UNPACU quickly became the most active and aggressive dissident movement in eastern Cuba, organizing street marches and protests and filming videos of garbage pickers in the region as well as damage caused by Hurricane Sandy last October that is yet to be repaired.
Ferrer said he and nine other UNPACU members are on a hunger strike in his home in the town of Palmarito de Cauto as well as nine more in the nearby city of Santiago de Cuba, five in the town of Palma Soriano and five more in the city of Holguín. An additional nine are striking in prisons and two more are in Havana and Pinar del Rio.
They have been taking only water since last Tuesday, he added. Nine others who started on the hunger strike dropped out because they had become too weak.
The hunger strike is designed to call attention to the plight of the 30 jailed UNPACU members. Some are being held in police stations and may be freed, but most have been sent to jails, presumably to await trials.
Ferrer and most of the hunger strikers began their protest in Santiago’s main plaza, Cespedes Park.
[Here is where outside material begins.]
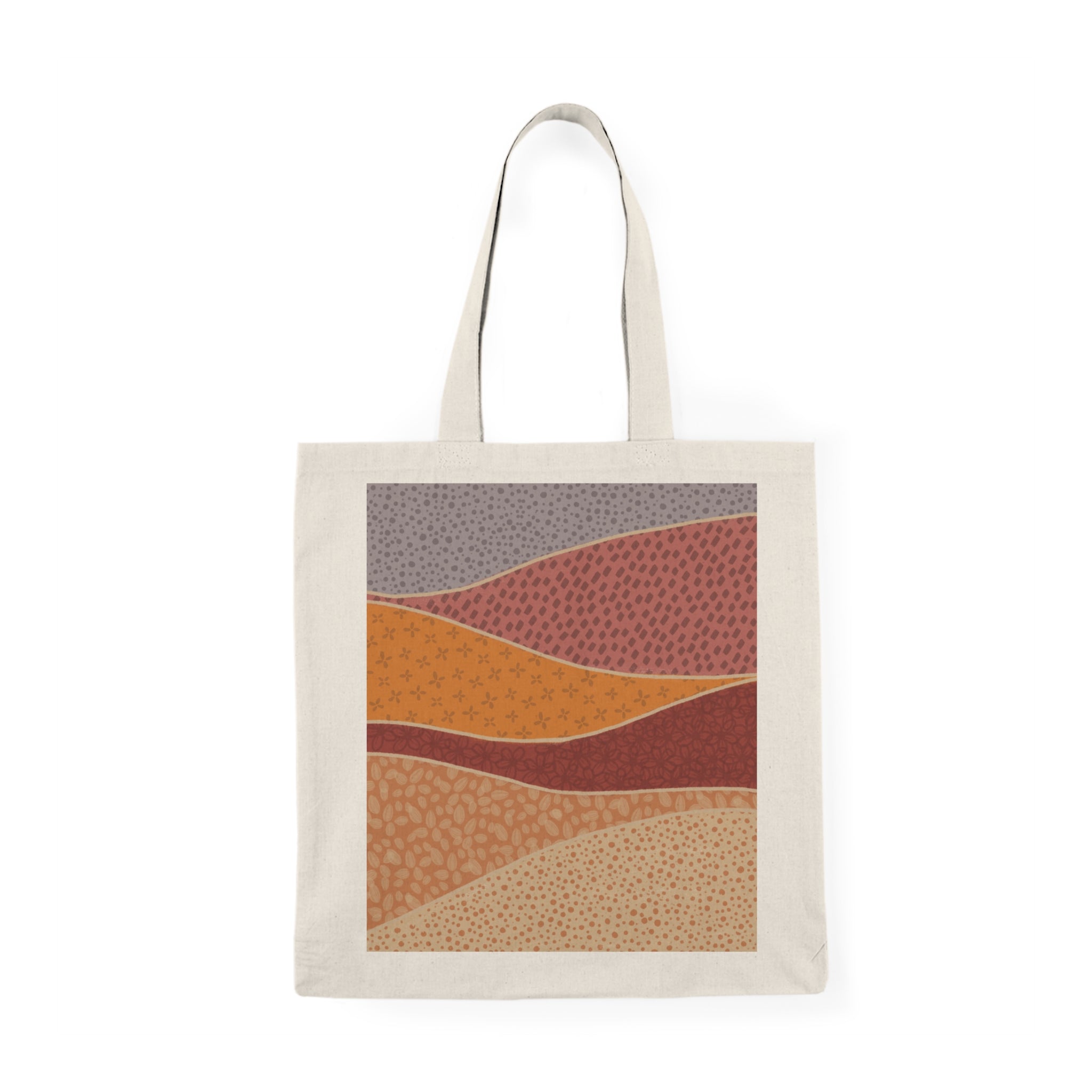 Abstract Desert Landscape Tote Bag — Boho Earth Tone Canvas Grocery Tote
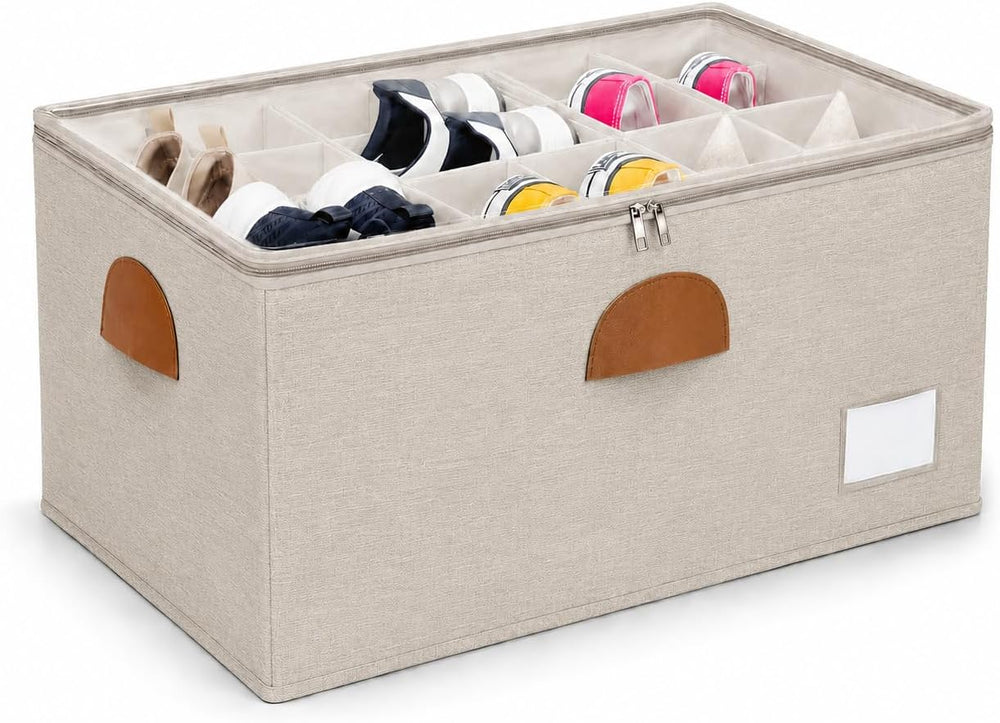 1 Pack Shoe Organizer for Closet with Adjustable Divider Shoe Storage Box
But they retreated to the adjoining grounds of the city’s Catholic Cathedral amid threats from pro-government mobs and police.
Dissident videos showed police detaining several dissidents and shoving them into patrol cars on a street corner between the park and the church.
A priest asked them to come inside when it started to rain, Ferrer said. Santiago Archbishop Dionisio García Ibañez urged them to leave later Tuesday in exchange for his promise that he would talk to authorities about the jailed UNPACU members.
Police and the mobs of government supporters agreed to move back one city block, he added, and García provided two trucks that took the protesters back to their respective homes.
“Although we don’t share his vision, out of respect for the church and for Dionisio we agreed to put an end to that protest and stop the violence,” Ferrer told El Nuevo Herald in a phone conversation.
Eleven dissidents were arrested last Tuesday as they tried to join the hunger strikers at the church, he noted. Seven were freed later, but four were sent to jail, joining the 33 others who have been in prison for more than a week.
Dozens of hunger strikes have been launched and then called off by dissidents in Cuba in recent years. But two strikers have died since 2010. Orlando Zapata Tamayo died Feb. 23, 2010, after an 85-day hunger strike, and Wilman Villar died in January 2012 after a 50-day strike.